It was a failed meeting between TheStreet.com stock guru James Cramer and Rupert Murdoch, not merely criticism of Cramer, that led to the warfare between the financial Web site and FOX News Channel.
FNC went to state court in New York last week, suing TheStreet.com and Cramer, a well-known commentator and hedge-fund manager, charging that they couldn't unilaterally quit their weekly show on FNC.
While the suit seeks to force the TheStreet.com to continue producing the show for FNC, the action is largely intended to keep it from going to CNN or CNBC until May 2001 and to tie Cramer up under a non-compete clause of a personal-services contract until September 2002.
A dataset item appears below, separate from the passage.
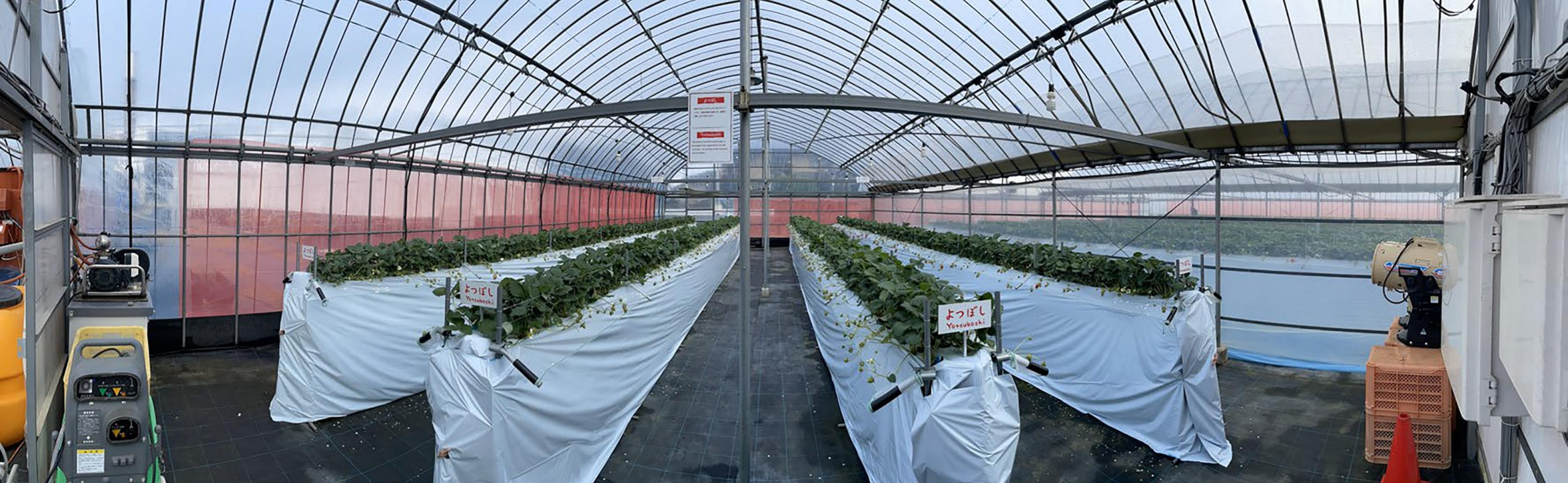 Robot de cosecha de frutillas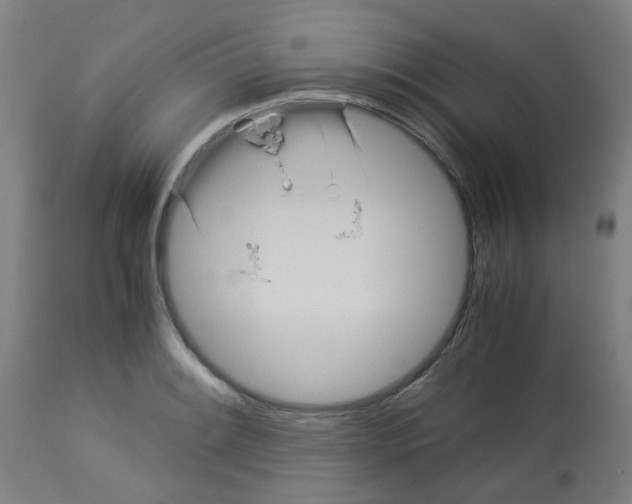 X0000113011084200910081217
The squabble stems from a meeting last March, at which Cramer and TheStreet.com Editor-in-Chief David Kansas pitched new ideas to Murdoch and senior News Corp. executives. Cramer and Kansas wanted to expand TheStreet.com's non-Web reach beyond the single TV show on FNC. They envisioned a similar program on technology, international outlets and more print-related products in Murdoch's newspapers.
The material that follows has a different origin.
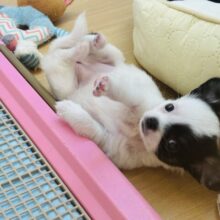 ムチムチベイビー♡ミックス犬ちゃん(チワワ×マルチーズ)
But, said executives familiar with the meeting, Murdoch was underwhelmed. TheStreet.com's stock was dropping from $71 last year to as low as $5.50. News Corp. had just 1.6% of the Web site's stock and didn't see much percentage in expanding the relationship or its investment in the operation.
But TheStreet.com's FNC deal precluded Cramer and Kansas from cutting deals with others, particularly competing cable news networks. Industry executives said the duo felt handcuffed.
A few weeks later, Cramer went on the air and threw a temper tantrum that further strained the two companies' relationship. According to FNC, Cramer went to the taping for TheStreet.com's April 15 show and refused to give the network's producers the usual notice of what he planned to say on the air in a segment called "Predictions."
What he did was tout TheStreet.com's battered stock. He said a "stock that's near and dear to my heart, that I own a lot of, is stock called TheStreet.com. I've watched it go from $70 to $5. I think it's done going down, because it's got $4.75 in cash." When another panelist on the show said that he wasn't permitted to talk about TheStreet.com's own stock, Cramer replied, "Nobody's allowed to comment; that's the big joke. But I don't care, because I think it's too cheap."
It's commonplace for money managers to tout stocks they already hold in a fund. It's usually why they are eager to participate in everything from CNBC's Street Sweep to a Barron's roundtable. News organizations consider it a different ethical issue when a money manager talks up a company he personally owns, particularly on his own newscast.
Even Kansas reprimanded Cramer, his partner, in a column on the Web site. But what set Cramer off was a remark by an FNC spokesperson in the New York Daily News, stating that "we do not approve of touting of stock for personal gain." Cramer took that as violating a non-disparagement clause in the two companies' programming agreement and moved to yank the show.
TheStreet.com CEO Tom Clarke counters that, if FNC was so upset about the comments, network executives could have edited them out of the pre-taped show or not replayed the show twice after its initial Saturday morning run.
"That, of course, is the point," said one media executive familiar with the dispute.